▸ Entries provided:

= = = = = = =

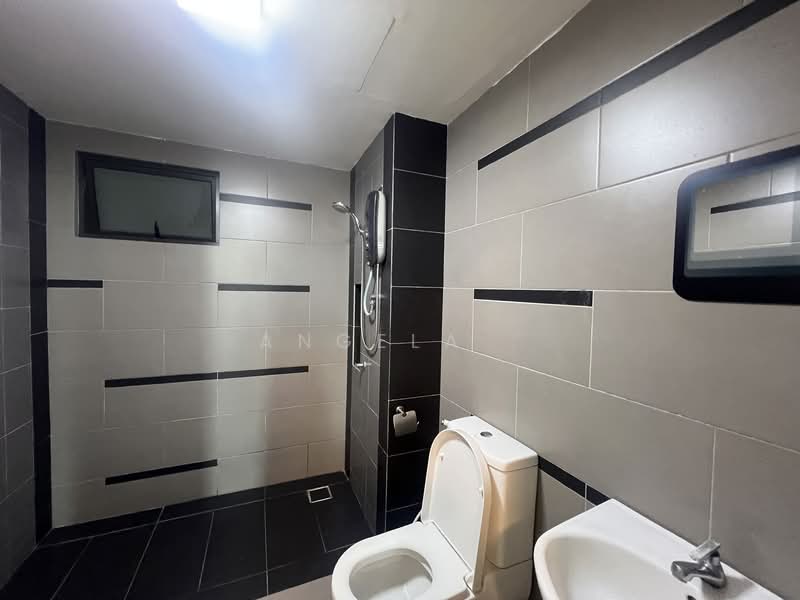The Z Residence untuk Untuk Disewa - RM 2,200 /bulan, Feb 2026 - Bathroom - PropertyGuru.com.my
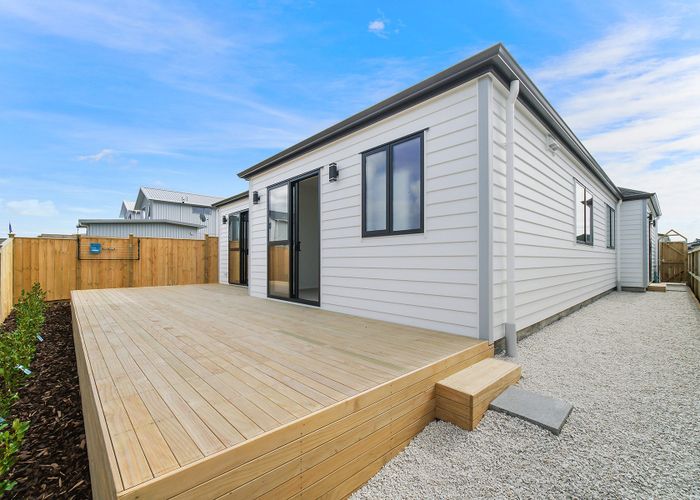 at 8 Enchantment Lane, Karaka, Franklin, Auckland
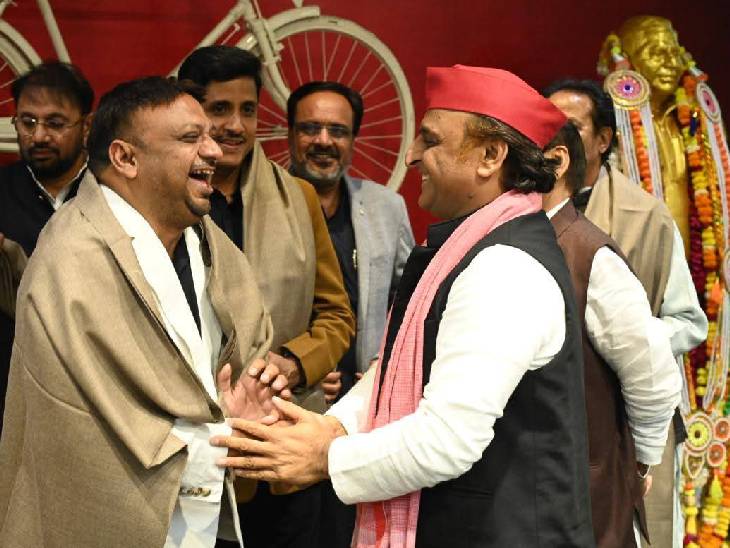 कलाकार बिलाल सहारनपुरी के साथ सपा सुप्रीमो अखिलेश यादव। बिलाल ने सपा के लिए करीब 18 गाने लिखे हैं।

= = = = = = =

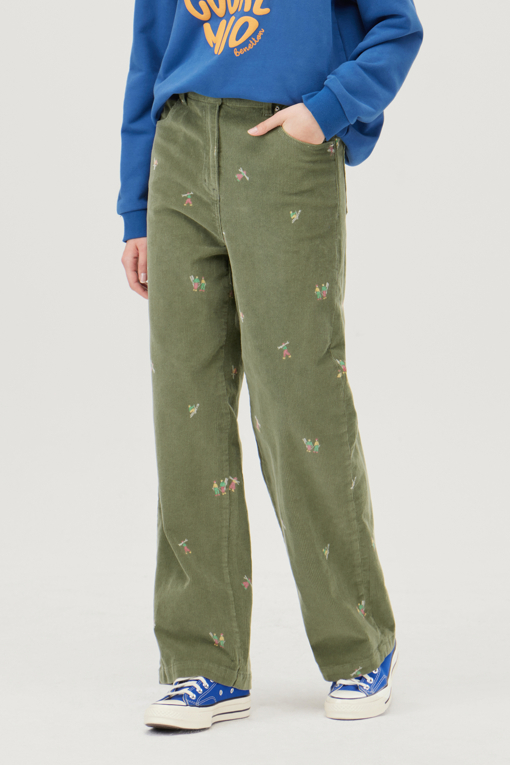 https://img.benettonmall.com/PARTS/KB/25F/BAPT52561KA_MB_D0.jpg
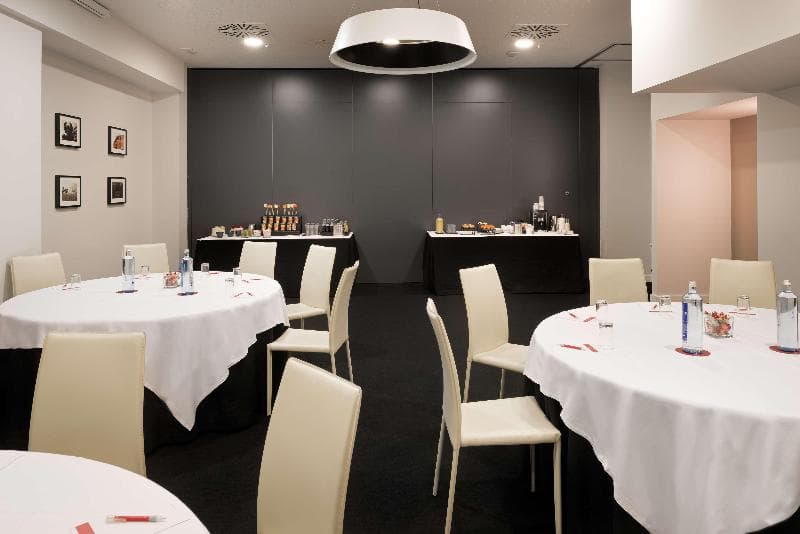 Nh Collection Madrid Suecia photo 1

= = = = = = =

In the records above, everything from the line with "The Z Residence" down to the line with "कलाकार बिलाल सहारनपुरी" is to be set down exactly, both ends included, with no pictures and no other lines.

▸ Exercise result:
The Z Residence untuk Untuk Disewa - RM 2,200 /bulan, Feb 2026 - Bathroom - PropertyGuru.com.my
 at 8 Enchantment Lane, Karaka, Franklin, Auckland
 कलाकार बिलाल सहारनपुरी के साथ सपा सुप्रीमो अखिलेश यादव। बिलाल ने सपा के लिए करीब 18 गाने लिखे हैं।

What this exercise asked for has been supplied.